Stockholm-based architect Mats Fahlander was an apt candidate to design a summer cottage for this shorefront site on Sweden’s rugged western coast. He and the owner, lifelong friends, played here as children, on property that had been in the owner’s family since the 1940s. “I grew up spending summers on an island very close to this,” says Fahlander, whose intimate understanding of the local landscape, climate, and culture is written all over this modern, utilitarian gem.
The building perches on concrete piers, hovering above an outcropping of scoured bedrock. “We decided to treat the rock very carefully and do no blasting work at all,” Fahlander explains. A natural cleft in the rock provided a channel for utilities, which enter the building via a concrete “box” under its core. The house is simple in form: an approximately square volume topped by two parallel barrel vaults—inspired by the rounded topography of the shore—and skirted by a deck that gives every room access to the outdoors.
The vault closest to the shore arches over a living/dining/kitchen space wrapped in glass at three walls and opening to the shore via a 16-foot-wide sliding glass door. The inland-facing vault shelters a narrow entry hall flanked by a water closet, a separate shower compartment, and three “really, really small bedrooms,” says Fahlander, whose strategy involved devoting half of the building’s 900 square feet to living space, “with as many sleeping rooms behind that as possible.” Sliding doors, narrow passages, and built-in furniture storage maximize space efficiency. “Six to eight persons can have a bed in the house,” Fahlander notes (a separate sauna/study/guest cottage sleeps several more). “It’s like living on a boat.” The proximity of the sea only heightens the effect.

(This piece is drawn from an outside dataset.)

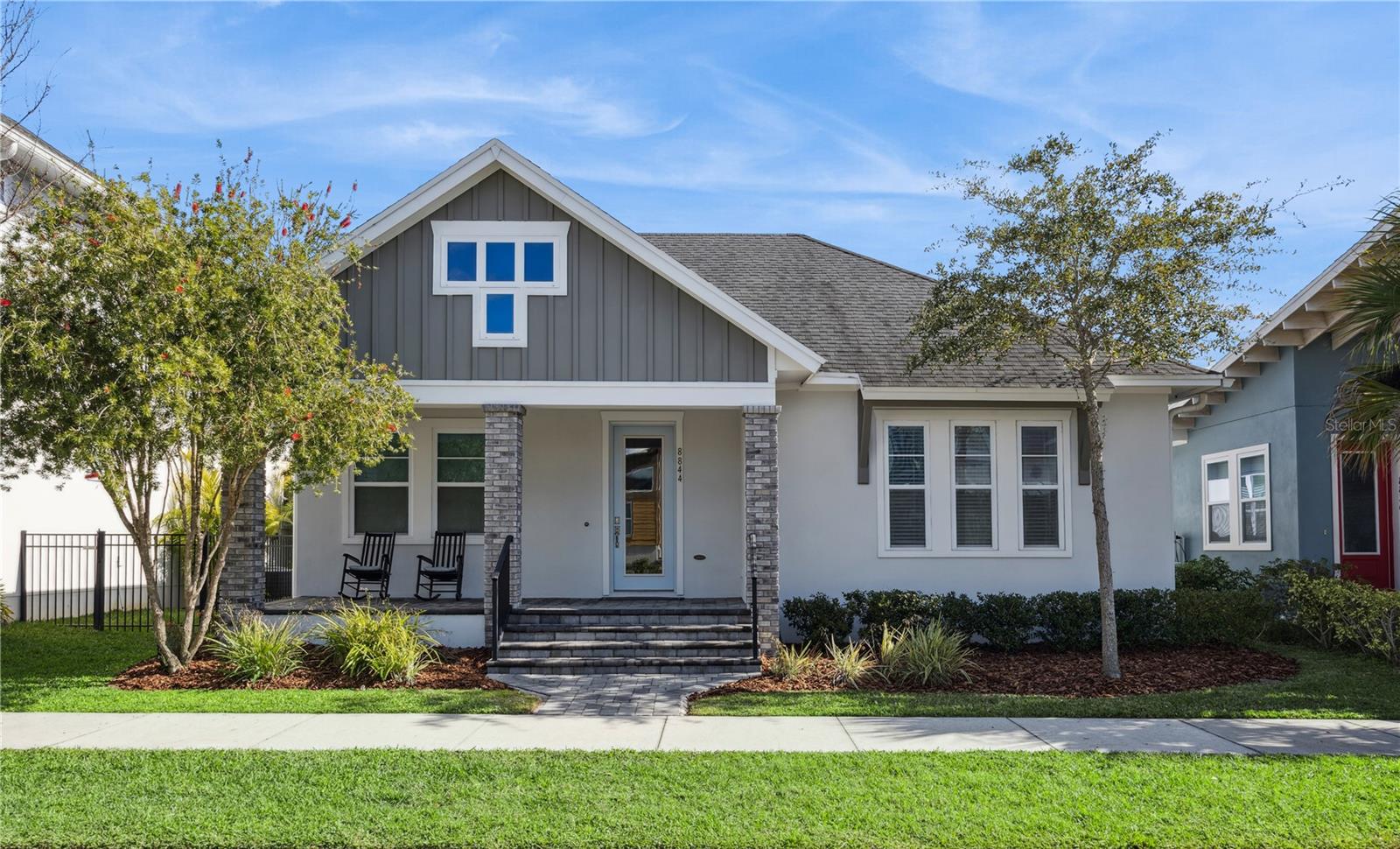 Welcome to this pristine single-family home located in the heart of Laureate Park at Lake Nona. This beautifully maintained residence offers three bedrooms, three full bathrooms, a private office, and a three-car garage, combining modern design with exceptional functionality and an outstanding lifestyle.The open, light-filled floor plan features luxury vinyl plank flooring in the main living areas, high ceilings, and decorative tray ceilings in both the family room and primary suite. The kitchen is designed for both beauty and function with quartz countertops, GE stainless steel appliances, a subway tile backsplash with decorative hood, a walk-in pantry, and an oversized island that opens seamlessly to the family room.The primary suite is a relaxing retreat featuring an oversized walk-in shower with an additional rain shower head, dual quartz vanities, and a spacious walk-in closet. Bedroom three is en suite with its own full bathroom and walk-in closet, ideal for guests or multigenerational living. The private office is located just off the entry and features double glass doors.Outdoor living is enhanced by a large covered brick paver patio offering ample space for entertaining or relaxing. Additional highlights include a hybrid electric water heater for energy efficiency.Located just a short walk from the Laureate Park Village Center, residents enjoy exclusive access to the resort-style Aquatic Center, LP Fit fitness center, off-leash dog park, Canvas Restaurant and Market, and community events. Conveniently close to the VA Hospital, Nemours Children’s Hospital, UCF Medical School, and Orlando International Airport.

Mindful of the beating the building would take on such an exposed site, Fahlander specified tough, low-maintenance materials for its shell. Unpainted corrugated cement board wraps the building up to its eaves. Flat cement board panels—painted the traditional white of local fisherman’s cottages—fill the vault ends; corrugated metal covers the roof. The exterior decking is untreated fir, the same material that lines the interior walls, floor, and ceiling. Rather than struggle to preserve the material from the sun and salt air, Fahlander says, he detailed the decking to be easily replaced—perhaps every 15 years—when it succumbs to the elements.